Pew Research: White Christians No Longer A Majority
Politico reports:
White Christians now make up less than half of the U.S. population, largely receding from the majorities of most demographic groups, with one notable exception: the Republican Party. According to the latest results from Pew Research Center’s Religious Landscape survey published Monday by National Journal’s Next America project, just 46 percent of American adults are white Christians, down from 55 percent in 2007.

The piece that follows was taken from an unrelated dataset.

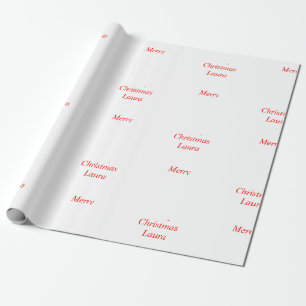 Personalised Christmas paper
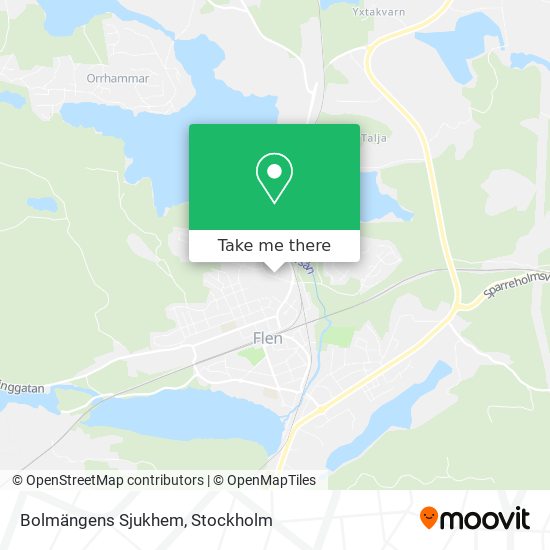 Bolmängens Sjukhem map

At the same time, according to the report, the share of white Christians identifying as Republican has remained steady, even equal with the share of the party that carried President Ronald Reagan to his 1984 reelection. Nearly seven in 10 white Christians — 69 percent — identify with or lean toward the GOP, while just 31 percent do the same with Democrats.More from the National Journal:
Even as White Christians shrink in their overall numbers, they still account for nearly seven-in-10 Americans who identify with, or lean toward, the Republican Party, the Pew study found. White Christians, in fact, represent as large a share of the Republican coalition today as they did of American society overall in 1984, when Ronald Reagan won reelection. A clear majority of all White Christians across the United States now identify as Republican, Pew found.
In sharp contrast, the Pew data show, the Democratic coalition has evolved into a three-legged stool that divides almost evenly between White Christians, non-White Christians, and those from all races who identify either with a non-Christian faith or, increasingly, with no religious tradition at all. Most Americans who don’t identify with any religious faith – a rapidly growing group—now align with Democrats.